* **Exercise goal**:
For the entries that follow, retype exactly the lines from the one containing "Akibat Kemarau Panjang, Sungai" to the one containing "Rare blue lobster caught near Nova Scotia", inclusive, and only those. Images stay out of the copy.

++++ Data ++++

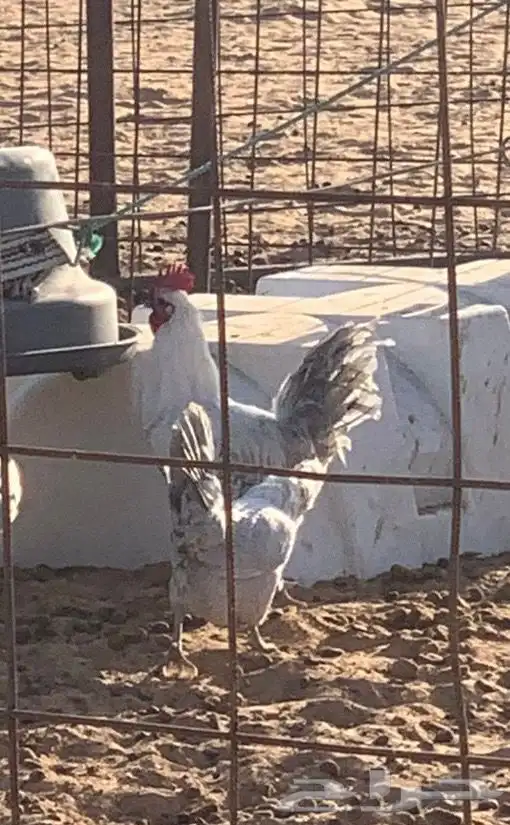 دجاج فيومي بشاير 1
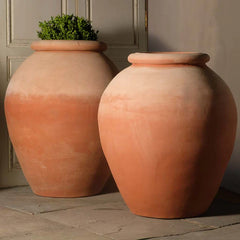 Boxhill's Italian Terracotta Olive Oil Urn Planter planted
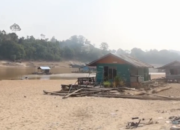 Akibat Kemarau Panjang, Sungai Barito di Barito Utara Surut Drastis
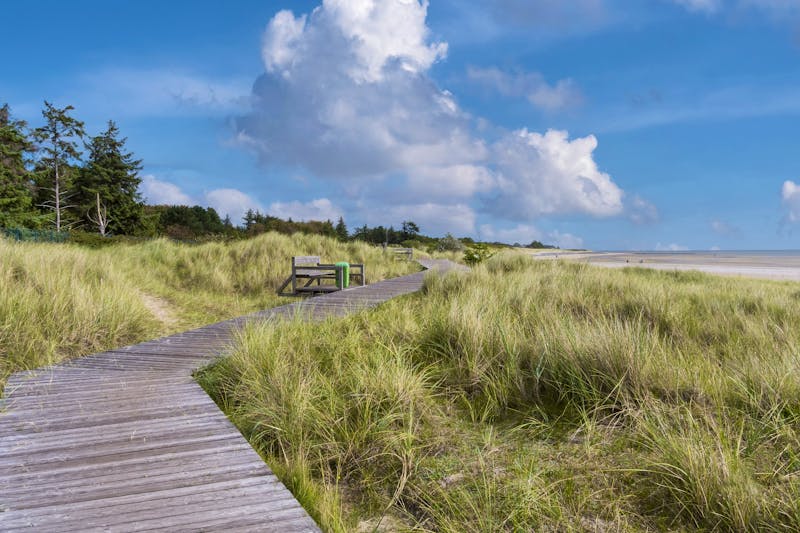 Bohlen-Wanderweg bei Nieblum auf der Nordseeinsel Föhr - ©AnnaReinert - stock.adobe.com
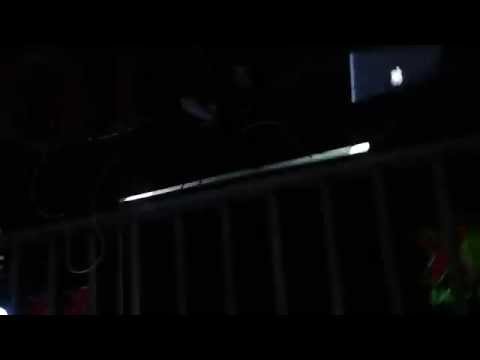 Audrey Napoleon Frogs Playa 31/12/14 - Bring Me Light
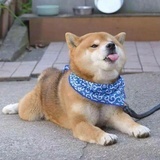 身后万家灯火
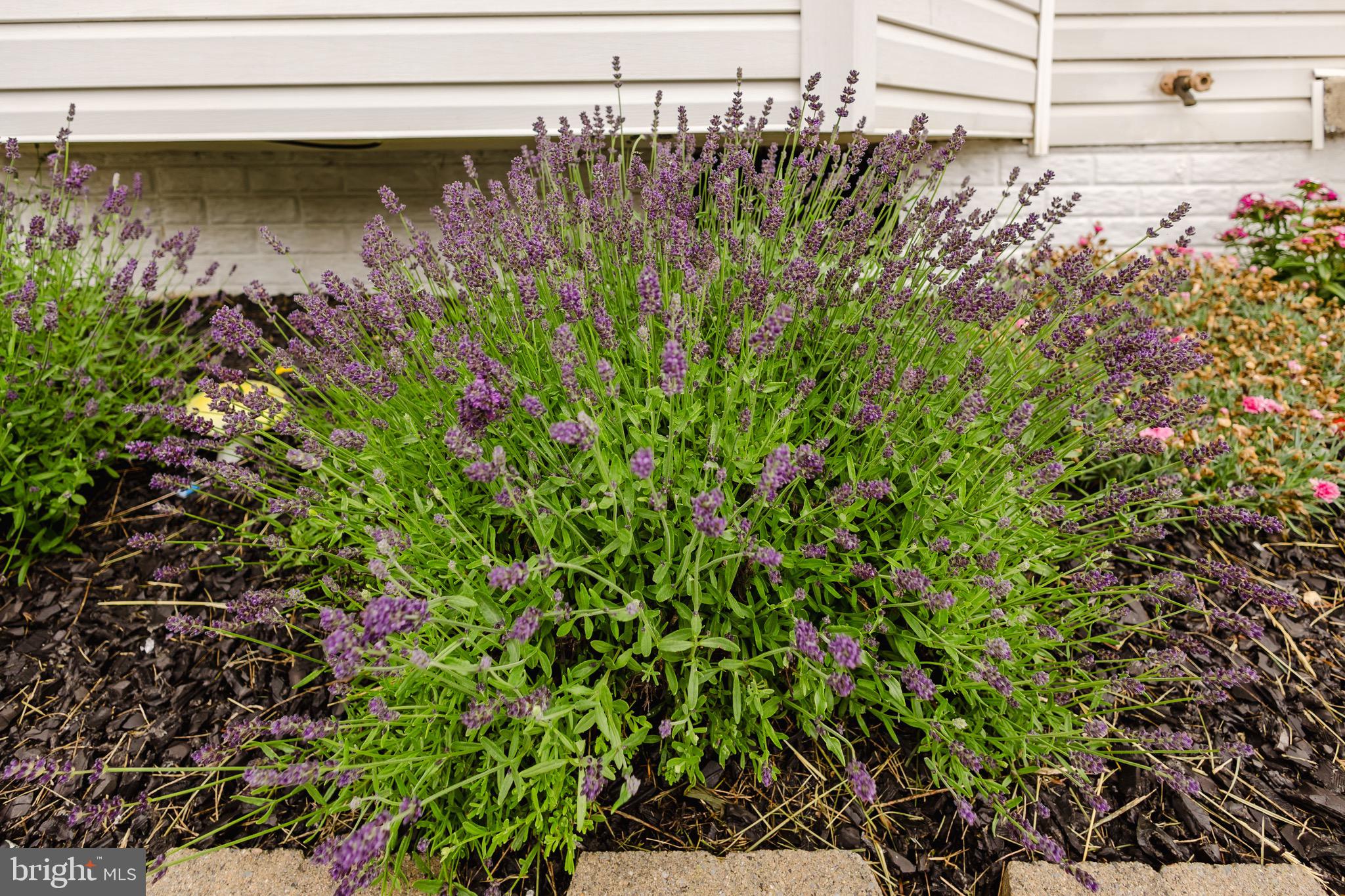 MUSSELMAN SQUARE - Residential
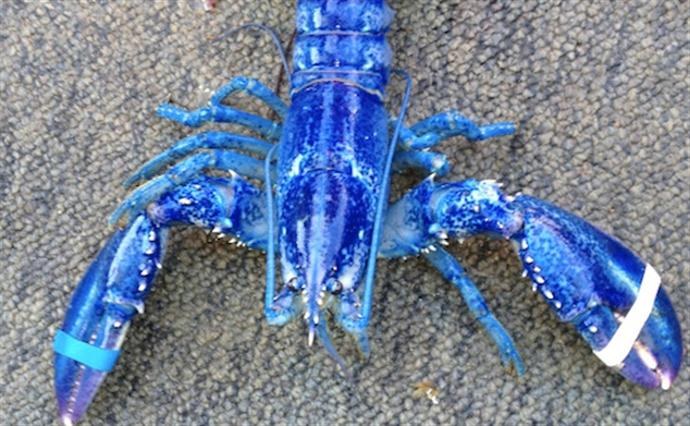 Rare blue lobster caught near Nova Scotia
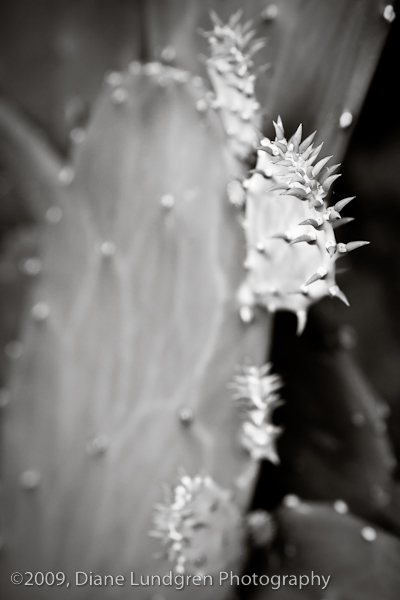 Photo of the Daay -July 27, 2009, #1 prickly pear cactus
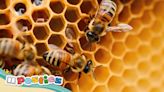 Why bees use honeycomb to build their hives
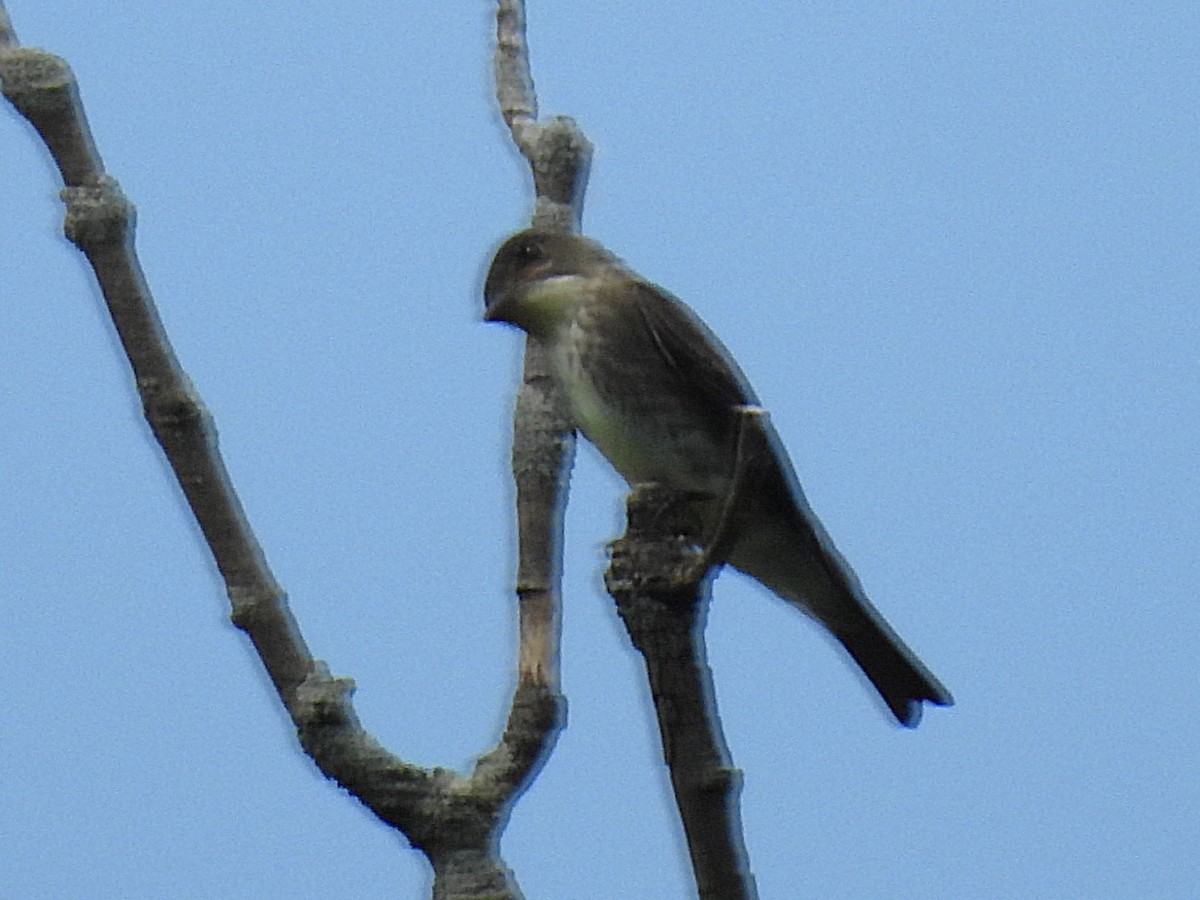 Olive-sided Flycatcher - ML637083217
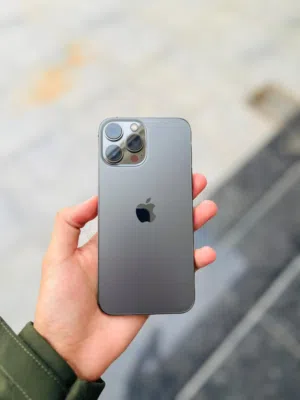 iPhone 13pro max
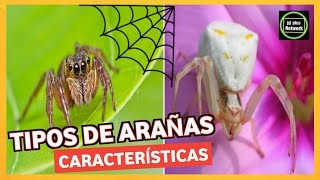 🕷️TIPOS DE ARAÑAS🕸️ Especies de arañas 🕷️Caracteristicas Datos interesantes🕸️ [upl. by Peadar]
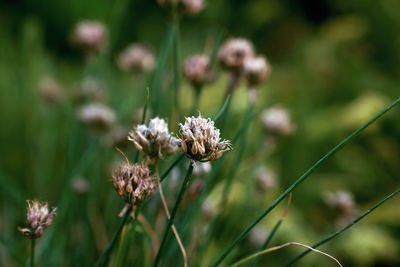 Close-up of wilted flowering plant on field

++++

* **Answer for the task**:
 Akibat Kemarau Panjang, Sungai Barito di Barito Utara Surut Drastis
 Bohlen-Wanderweg bei Nieblum auf der Nordseeinsel Föhr - ©AnnaReinert - stock.adobe.com
 Audrey Napoleon Frogs Playa 31/12/14 - Bring Me Light
 身后万家灯火
 MUSSELMAN SQUARE - Residential
 Rare blue lobster caught near Nova Scotia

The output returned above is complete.